• GIVEN INFORMATION:
━━━━━━

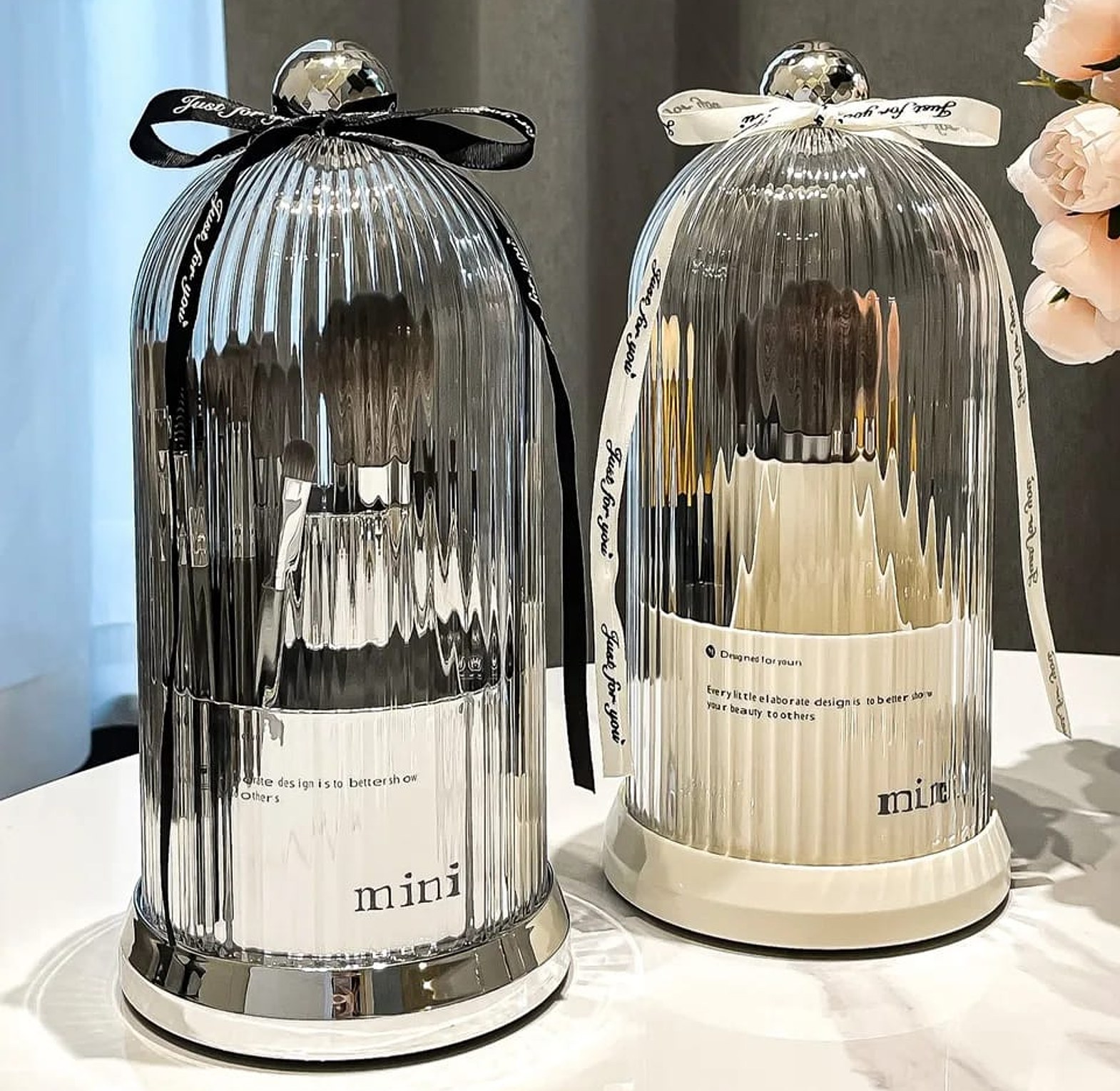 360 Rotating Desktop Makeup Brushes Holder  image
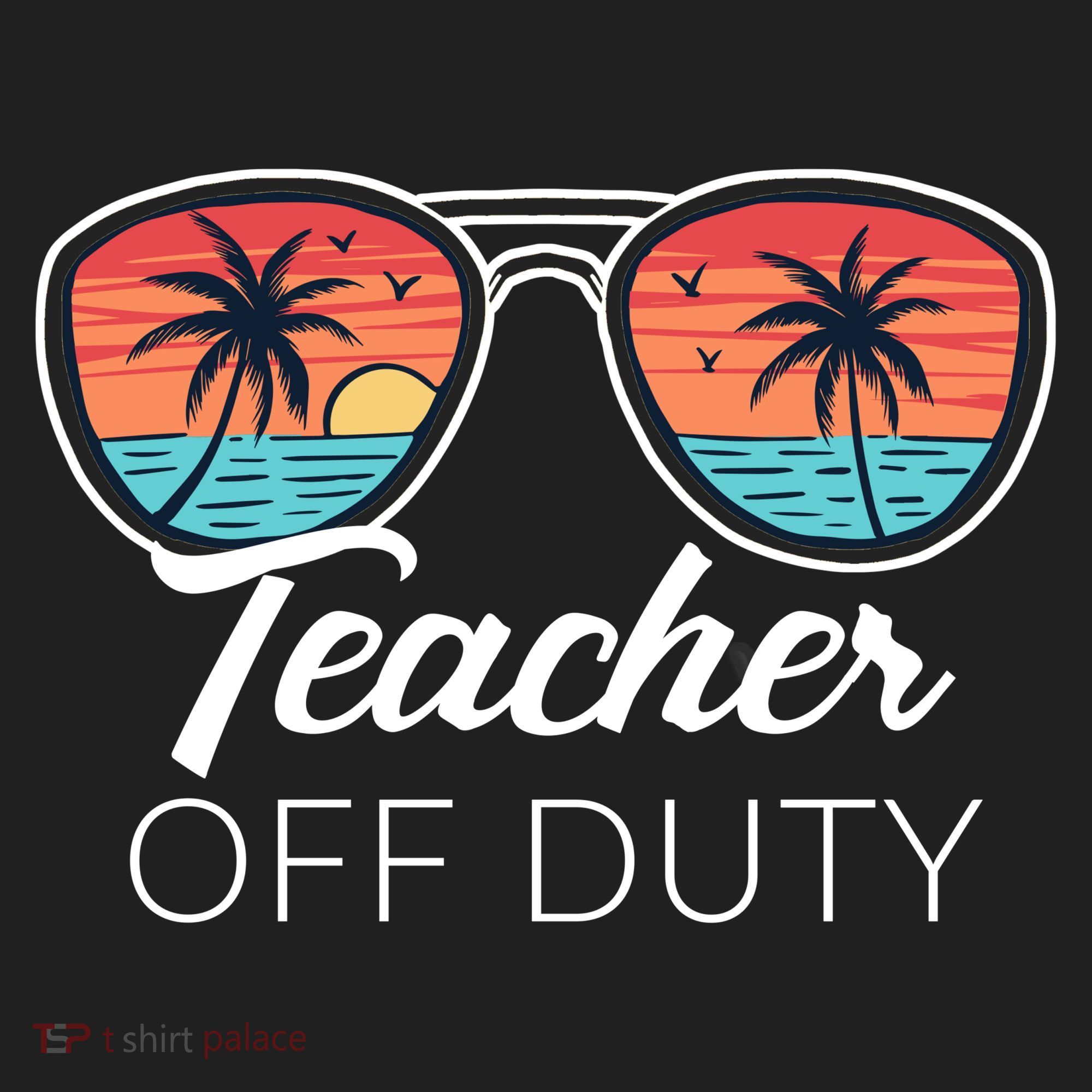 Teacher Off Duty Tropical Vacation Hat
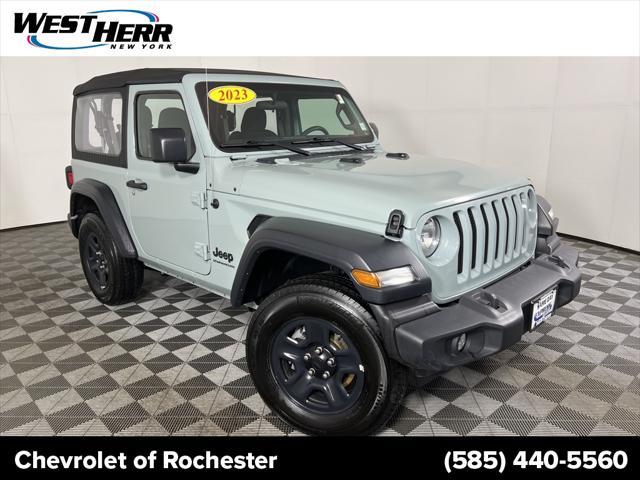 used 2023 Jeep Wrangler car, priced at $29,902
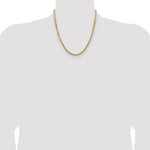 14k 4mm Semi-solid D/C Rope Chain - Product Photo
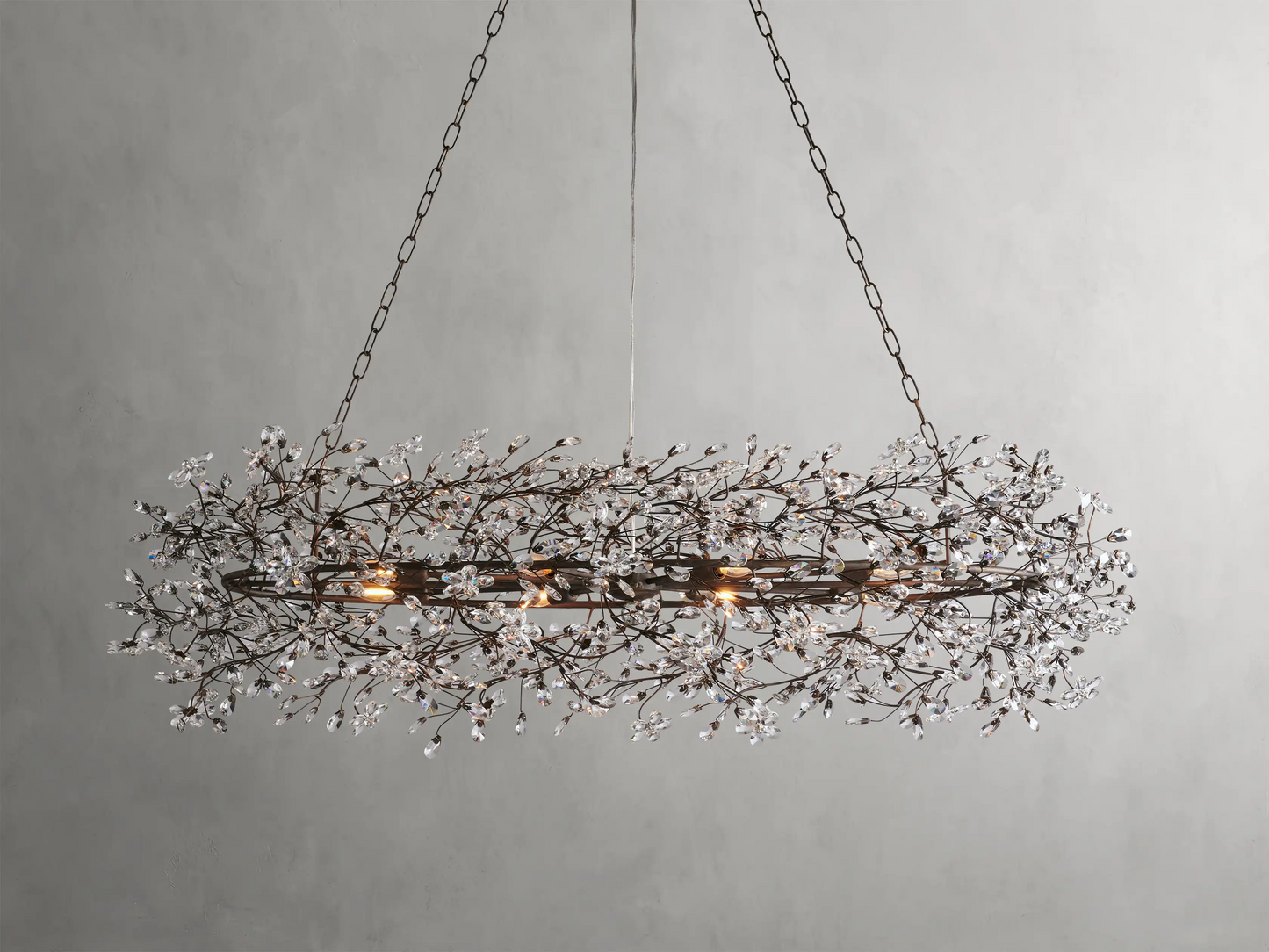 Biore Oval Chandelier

━━━━━━

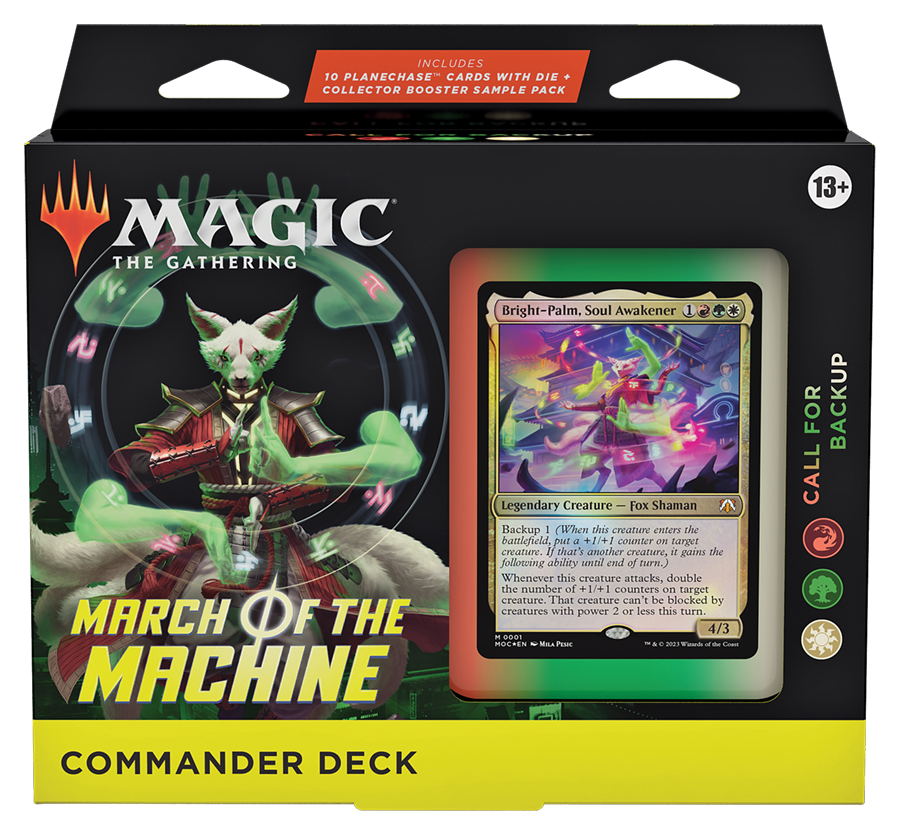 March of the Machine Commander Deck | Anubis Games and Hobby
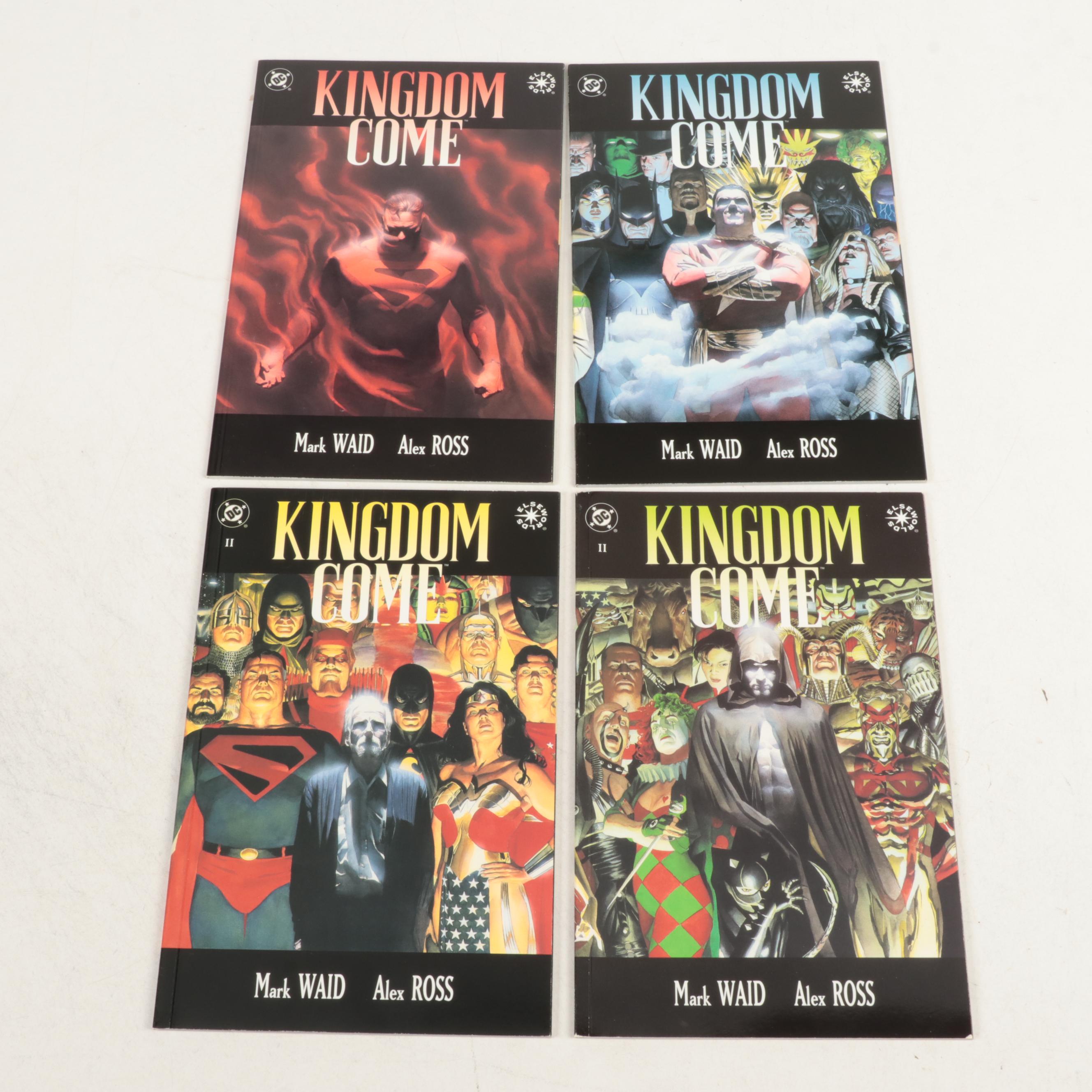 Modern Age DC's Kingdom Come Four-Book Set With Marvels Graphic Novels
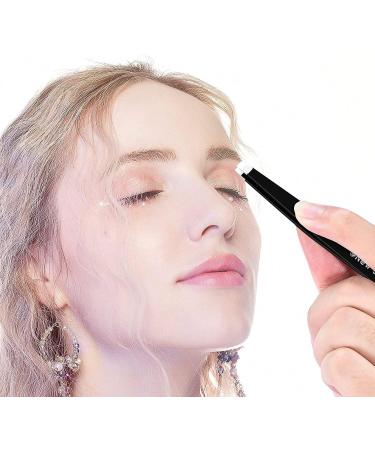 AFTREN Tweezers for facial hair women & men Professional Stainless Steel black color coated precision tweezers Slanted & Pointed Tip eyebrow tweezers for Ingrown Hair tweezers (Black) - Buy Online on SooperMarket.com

━━━━━━

• WORK REQUEST:
Copy word for word the lines above, starting at the line containing "360 Rotating Desktop" and ending at the line containing "Biore Oval Chandelier", inclusive, with no pictures.

• ANSWER:
 360 Rotating Desktop Makeup Brushes Holder  image
 Teacher Off Duty Tropical Vacation Hat
 used 2023 Jeep Wrangler car, priced at $29,902
 14k 4mm Semi-solid D/C Rope Chain - Product Photo
 Biore Oval Chandelier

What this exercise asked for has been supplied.